[Guest Post] Will we prove them wrong?

This is a guest post from one my readers — Rebecca. Thank you Rebecca for sharing your intimate story with us.

Rene Groebli

{René Groebli | photo source}

Everyone doubted we would last; everyone thought we were hasty, irresponsible, rushing into it, fuelled by lust, doomed to fail. But we were going to prove them wrong, laugh and look back when we were old and wrinkly and fat from eating too much cheese and drinking too much wine. We knew what we had, a fated love, a simple love, pure and able to withstand the torrents of chaos left behind in our separate lives and relationships.

We settled, bought a house, had a beloved little bubba and looked to be proving everyone wrong. We were happy, very in love, very committed to growing together, being good to one another, valuing our relationship, having wonderful sex, communicating. All the things we knew were important, having both come from previous failed relationships.

And then he started drinking a bit more, getting a little more wild, saying nasty things, remembering nothing of it the next morning. Crying, devastated to have even had those words leave his mouth. And then he drank again, and got physical, remembering nothing, crying, baffled that he could even do that to me, swearing nothing like that would ever happen again.

And I swore that if it did, I would leave, with my little family in tow. Because you just can’t do that. That isn’t love.

And then he drank again, became enraged, punched holes in the walls of our home, hated me, wanted to die, pushed me and pulled my hair. Bruised me.

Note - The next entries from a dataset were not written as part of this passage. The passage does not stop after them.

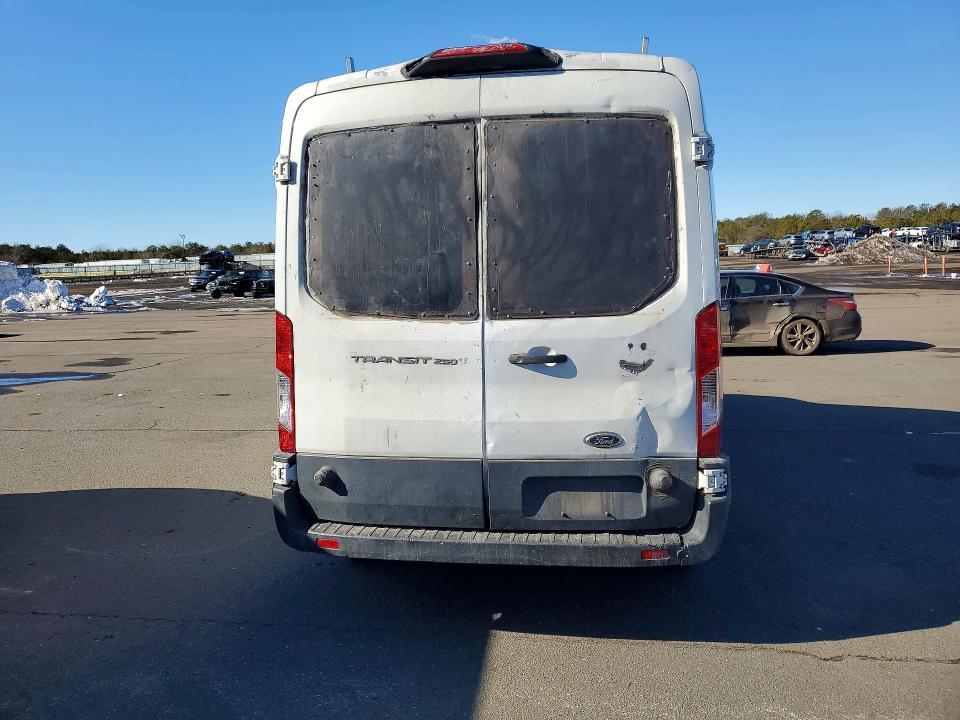 2018 Ford Transit T-250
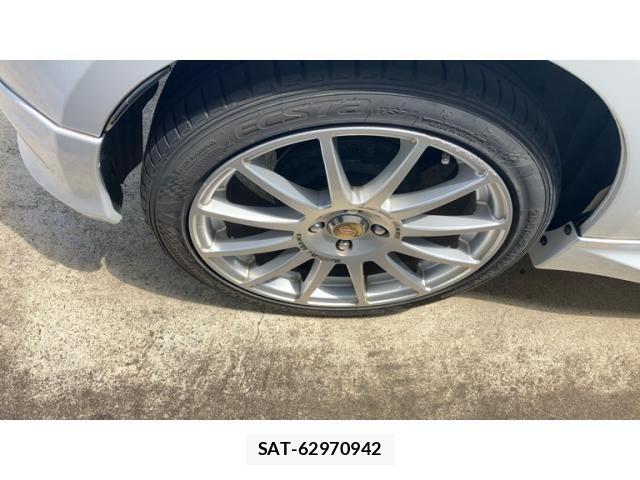 Suzuki SWIFT 2012-02 8210518-3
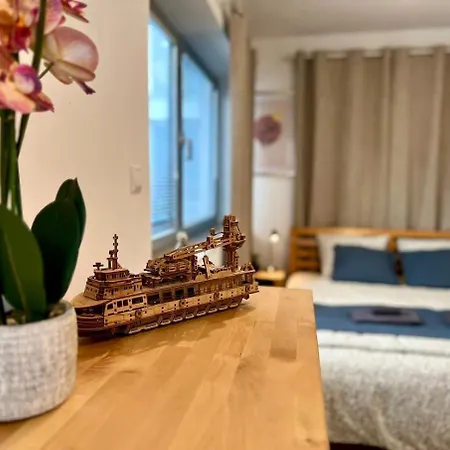 Appartement Adm Peaceful In Center- Wifi, Coffee, Ac *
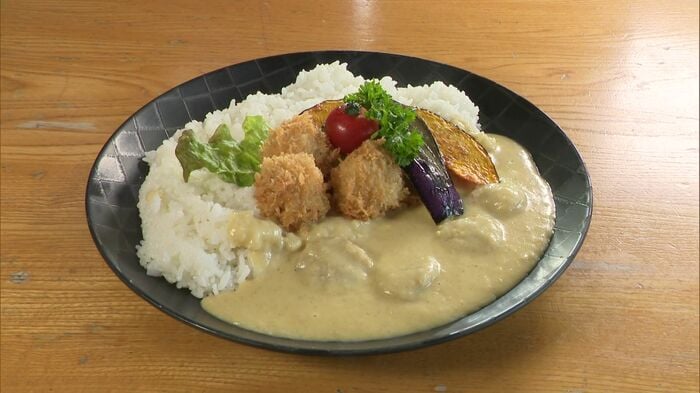 まるみ食堂の「二海(ふたみ)カレー」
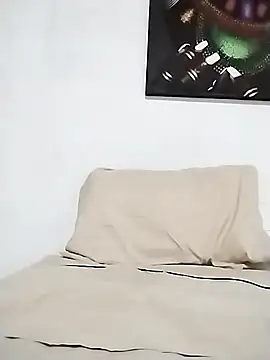 latinblack16 online show from October 31, 3:36 am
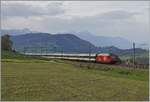 A SBB Re 460 with his IR15 from Luzern to Geneva Airport by Oron. 

22. Okt. 2020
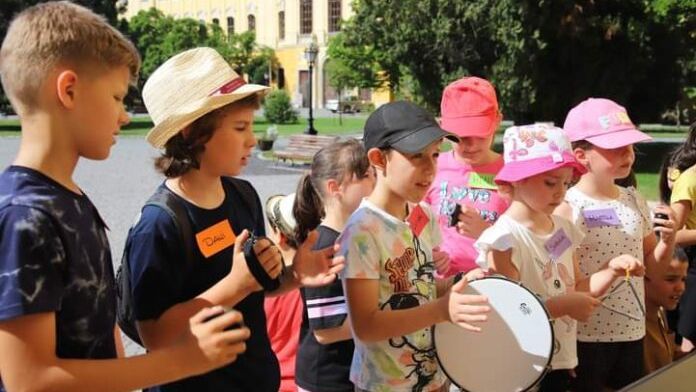 Gyermeknap a püspöki palota kertjében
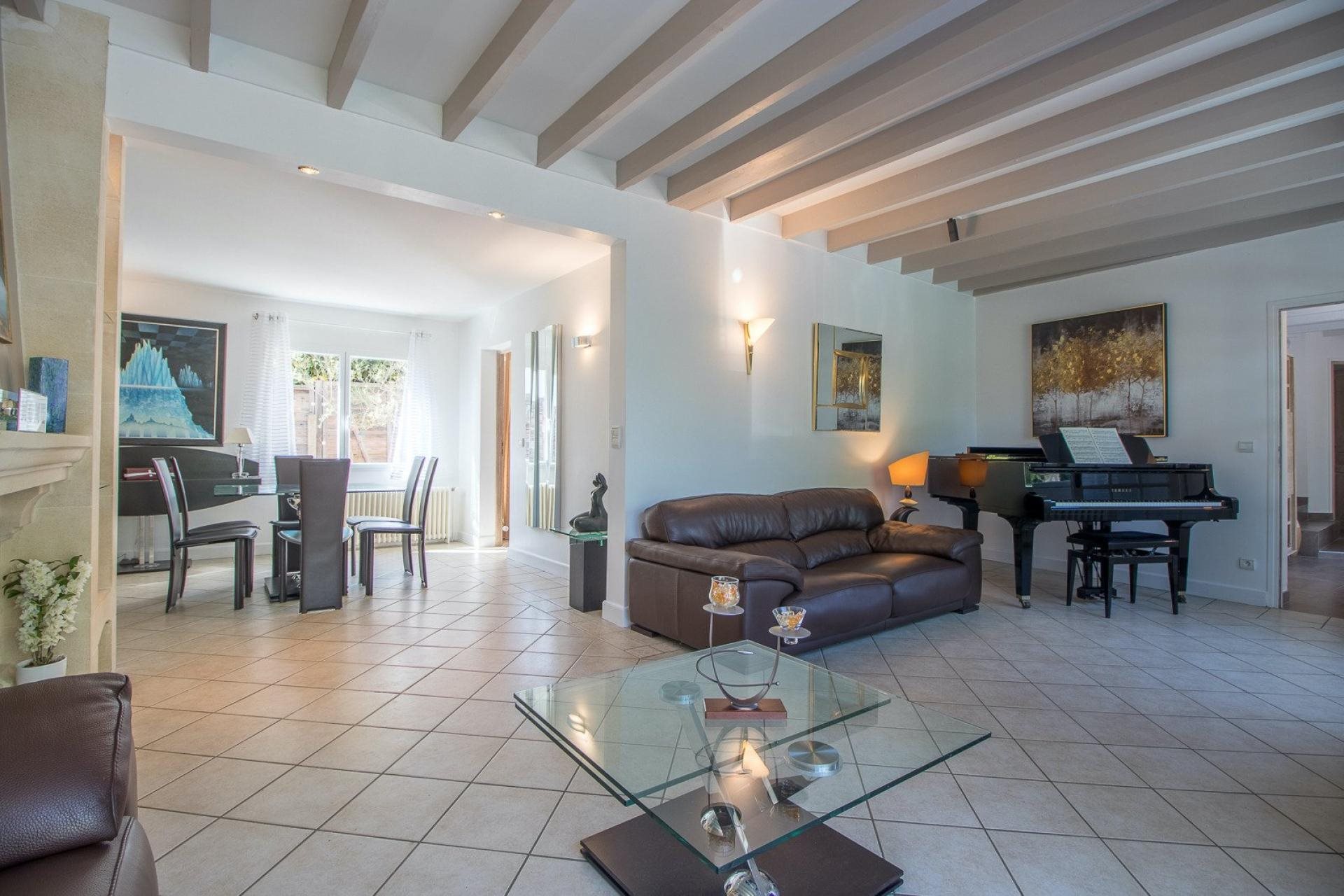 Maison à vendre, 190m², Le Mesnil-Saint-Denis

This time I called my mum, told her, told the police, didn’t keep it a secret. Told people and made it real. We went to court, him for domestic violence, me to implement an AVO. Against the man I love, who loves me and hurt me.

And now here we are, not long after, the bruise now a little yellowed on the outside and dulled on the inside. He’s trying to forgive himself, trying to let me forgive him, trying to show me that he is capable of change and growth, trying to fight to keep us. I’m trying to forgive him and give him time to show me change and growth. I’m weighing up what has been lost, weighing up what is left behind. I have lost so much but there is still so much left.

So much love and potential left.

So much connection.

So much of everything is still left, but he took so much away, too. I’m fighting for something I believe in.

People think I am foolish. I worry that I am foolish. I believe in forgiveness, in my power to love and forgive. I believe everyone makes mistakes and deserves second chances, even third chances if they are capable of righting their wrongs.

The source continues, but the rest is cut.